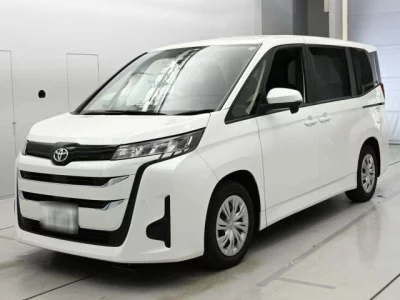 Toyota NOAH  с аукциона в Японии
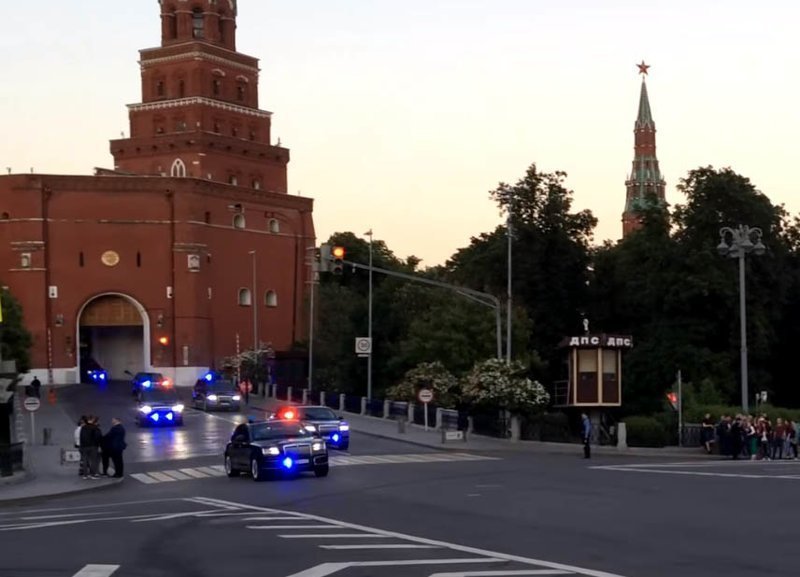 Выезд вереницы "Кортежей" из Кремля поймали на видео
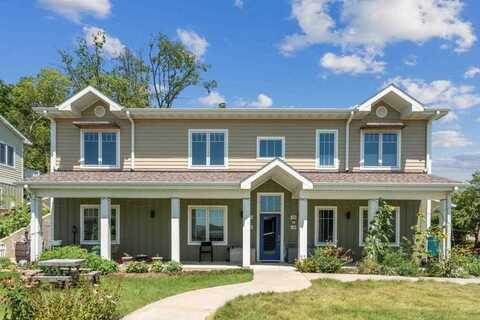 184 Prairie Hill Ln, IowaCity, IA 52246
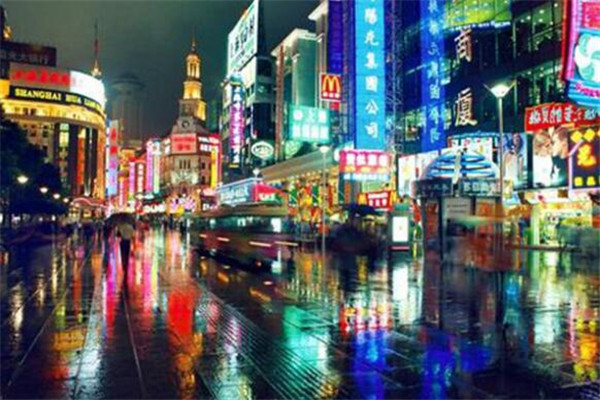上海最适宜夜游的聚集地，魔力外滩低调而奢华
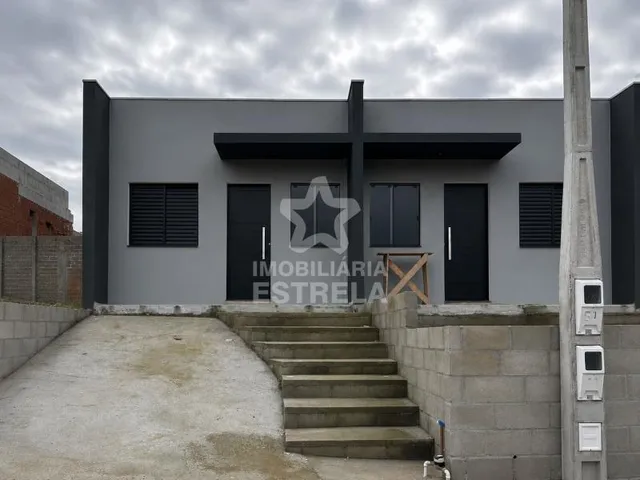 Casa geminada com 2 dormitórios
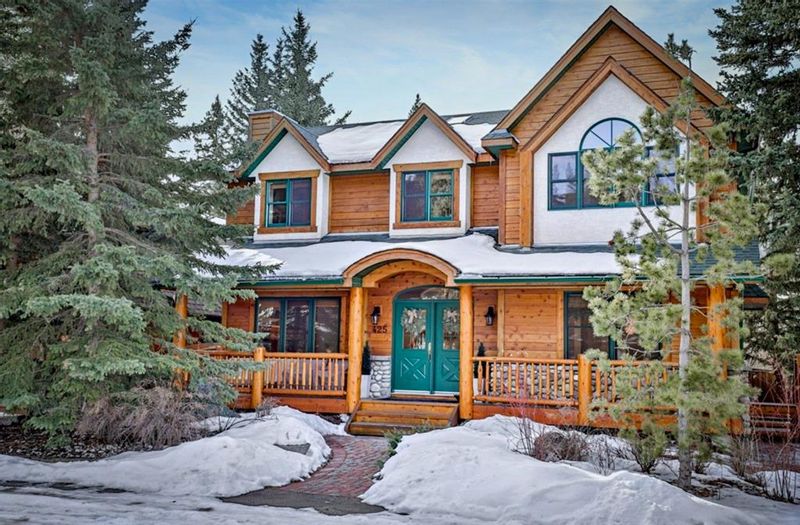 FEATURED LISTING: 425 2nd Street Canmore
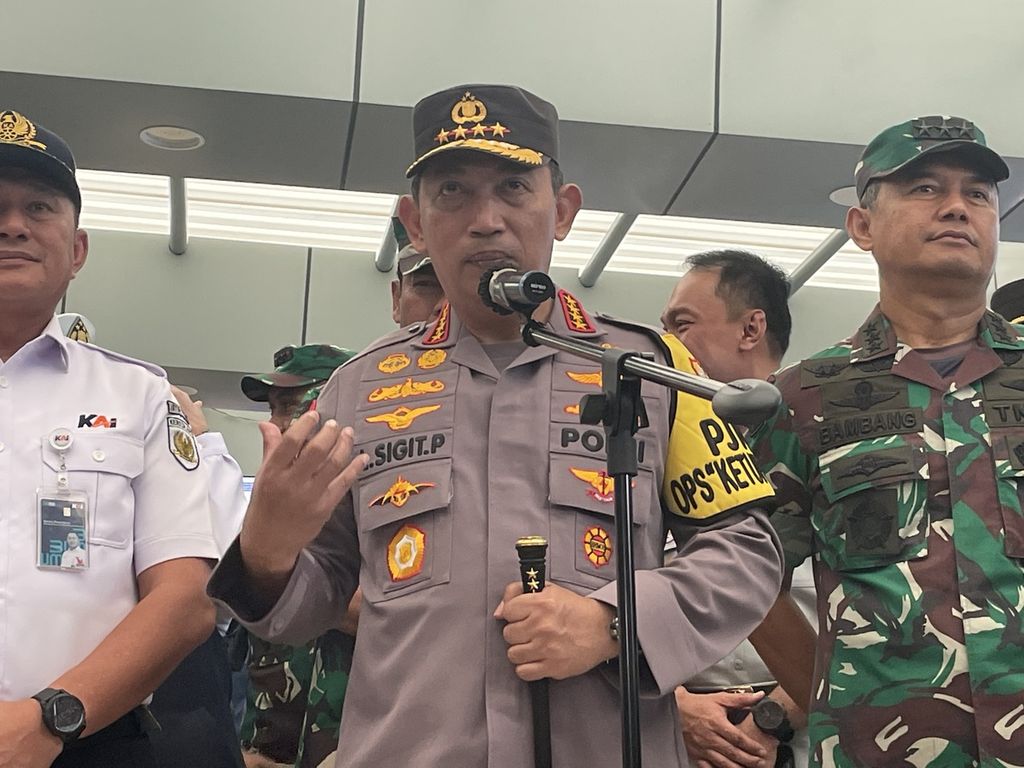 Kepala Polri Jenderal (Pol) Listyo Sigit Prabowo memberi keterangan pers seusai meninjau pelayanan mudik di Stasiun Pasar Senen, Jakarta Pusat, Rabu (19/4/2023).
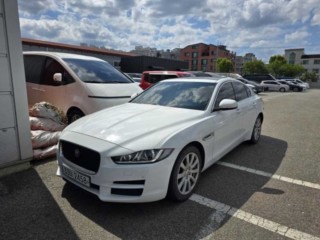 재규어 XE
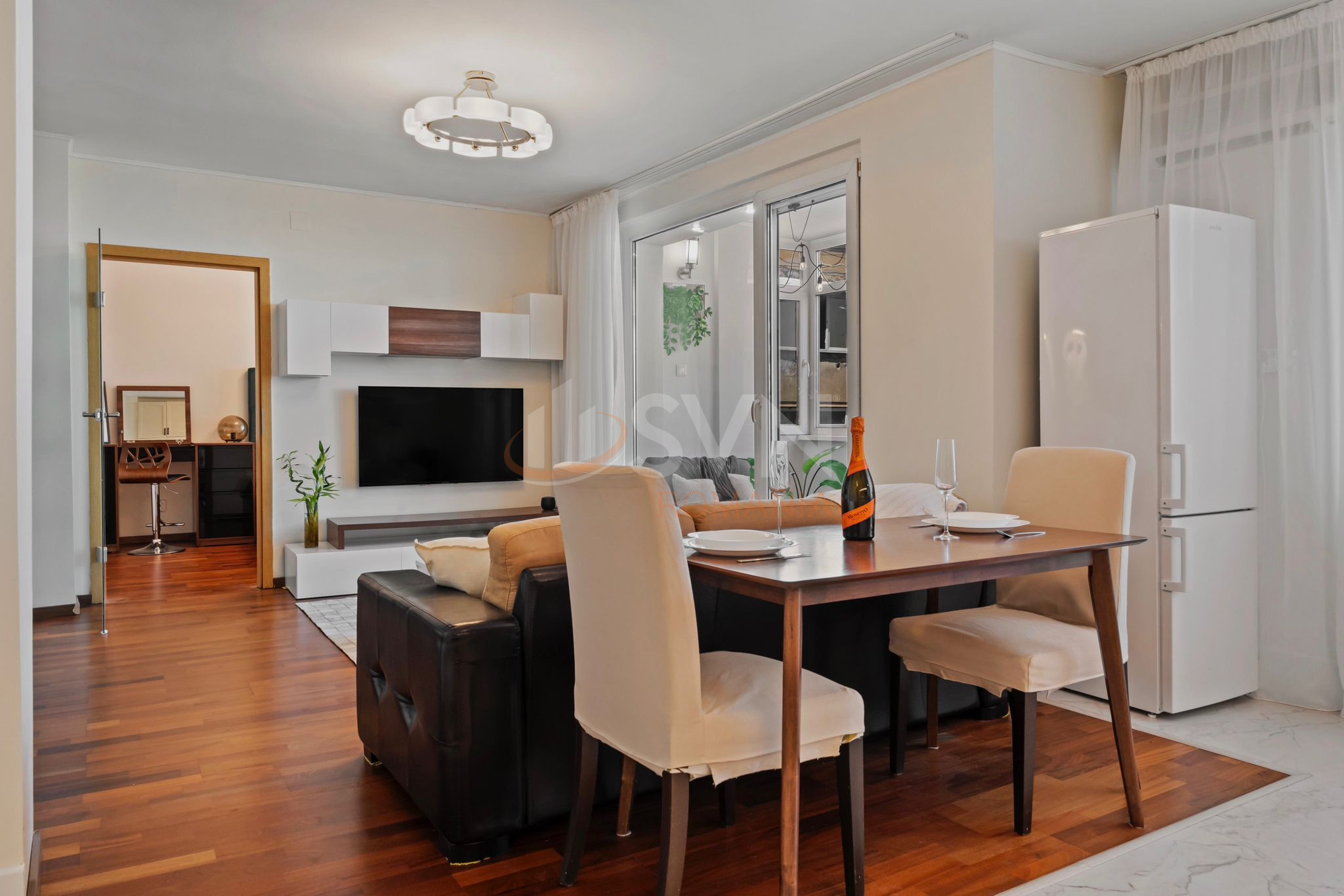 Apartament, 2 camere Bucuresti/Magheru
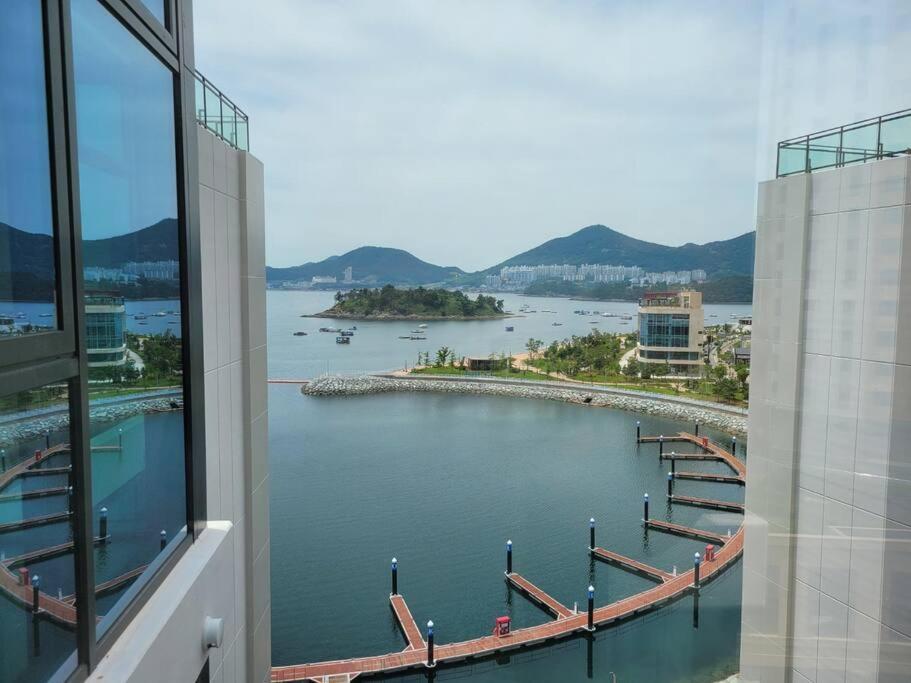 The Castle Ocean Marina Double Suite Yeosu Buitenkant foto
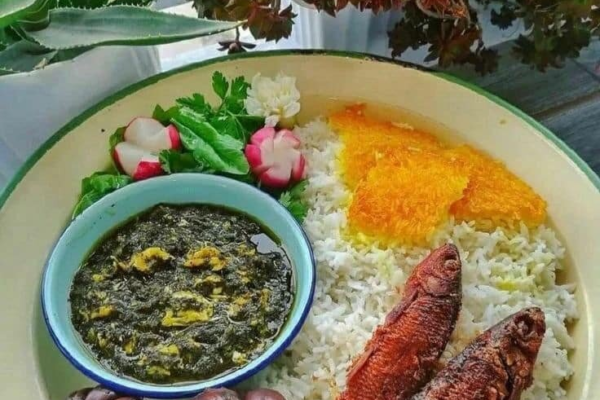 خورشت تُرشِ تَره با ماهی کولی؛ اگر سیر ترشی ندارید این غذا را درست نکنید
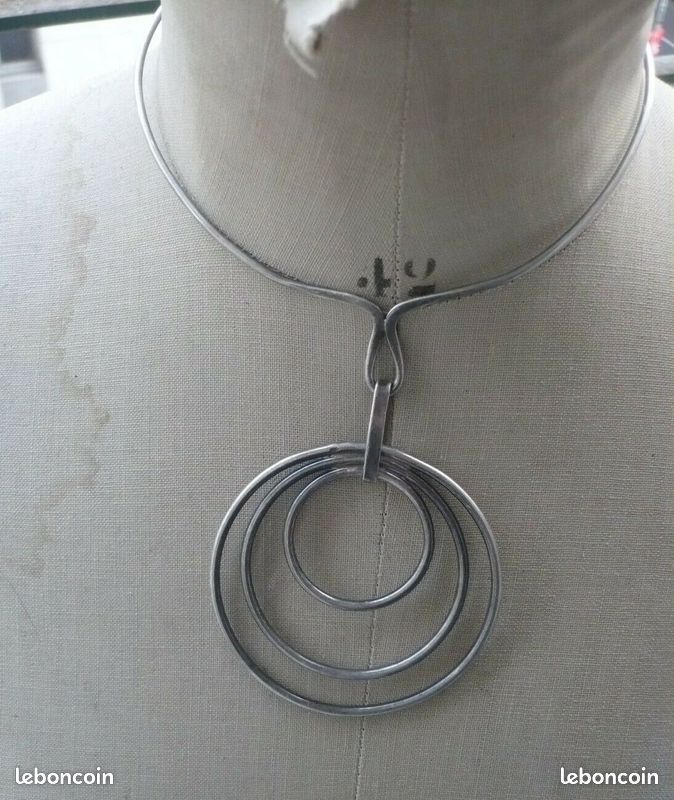 Ancien collier torque en argent massif vintage (image 2)
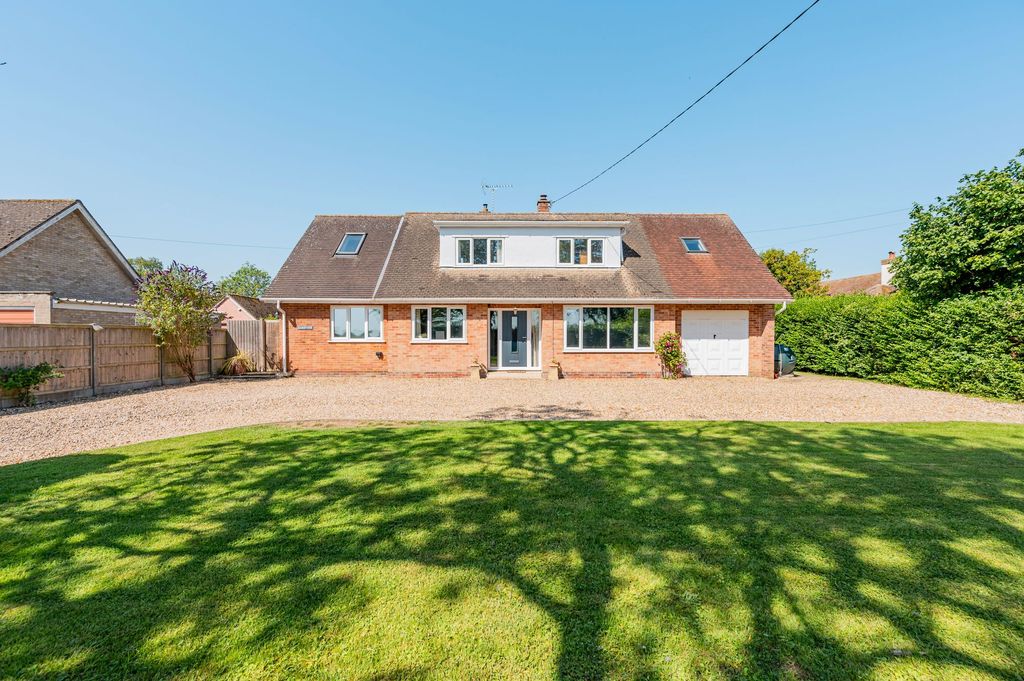 Property photo 1 of 32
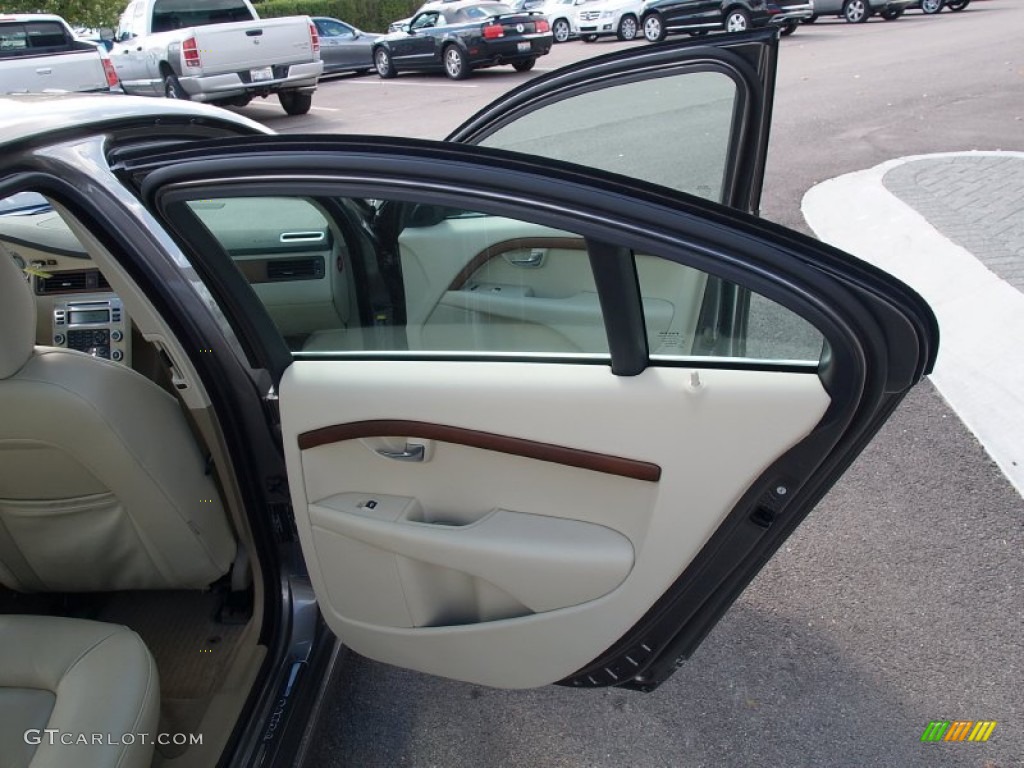 2009 Volvo S80 T6 AWD Door Panel Photos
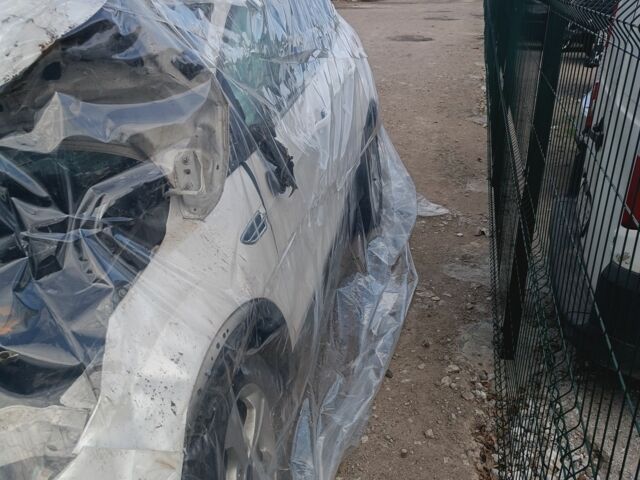 Белый Форд Эскорт, объемом двигателя 0 л и пробегом 100 тыс. км за 5500 $, фото 1 на Automoto.ua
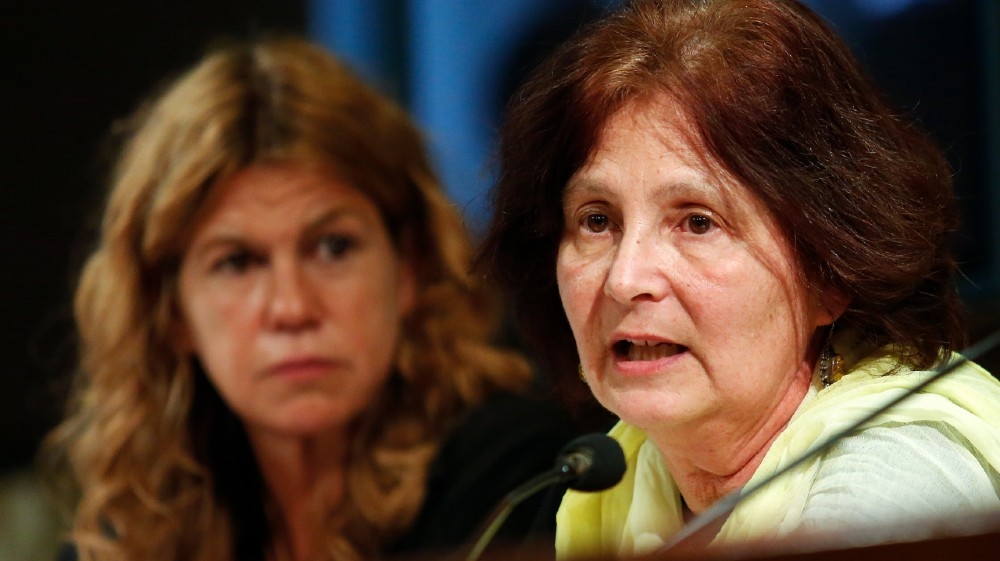 Paola Regeni (R), mother of Giulio Regeni, the Italian student murdered in Egypt, looks on during a news conference at the upper house of the parliament in Rome, Italy, 29 March, 2016. 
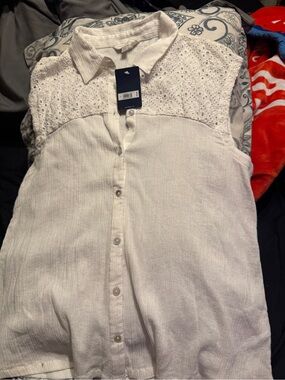 Lucky Brand White Eyelet Yoke Button-Front Blouse
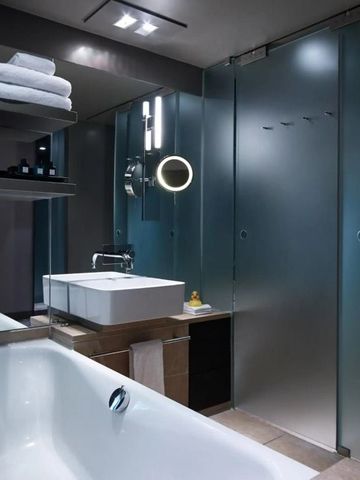 Modernes Badezimmer mit einer großen Badewanne und stilvoller Einrichtung.
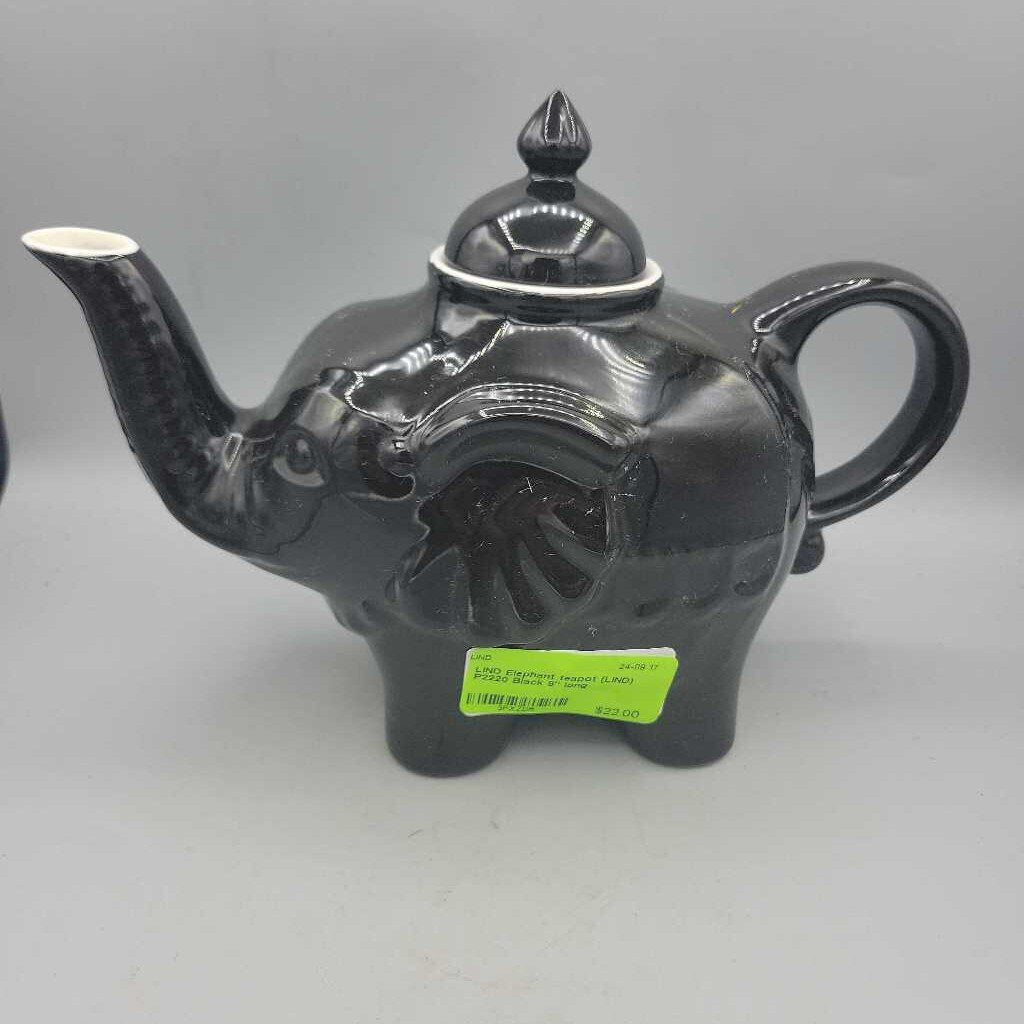 Elephant teapot (LIND) P2220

## HOW TO COMPLETE THIS TASK
Copy the records above from the first line through the line containing "خورشت تُرشِ تَره", both included, and leave out any pictures.

## RESPONSE TO THIS TASK
 Toyota NOAH  с аукциона в Японии
 Выезд вереницы "Кортежей" из Кремля поймали на видео
 184 Prairie Hill Ln, IowaCity, IA 52246
上海最适宜夜游的聚集地，魔力外滩低调而奢华
 Casa geminada com 2 dormitórios
 FEATURED LISTING: 425 2nd Street Canmore
 Kepala Polri Jenderal (Pol) Listyo Sigit Prabowo memberi keterangan pers seusai meninjau pelayanan mudik di Stasiun Pasar Senen, Jakarta Pusat, Rabu (19/4/2023).
 재규어 XE
 Apartament, 2 camere Bucuresti/Magheru
 The Castle Ocean Marina Double Suite Yeosu Buitenkant foto
 خورشت تُرشِ تَره با ماهی کولی؛ اگر سیر ترشی ندارید این غذا را درست نکنید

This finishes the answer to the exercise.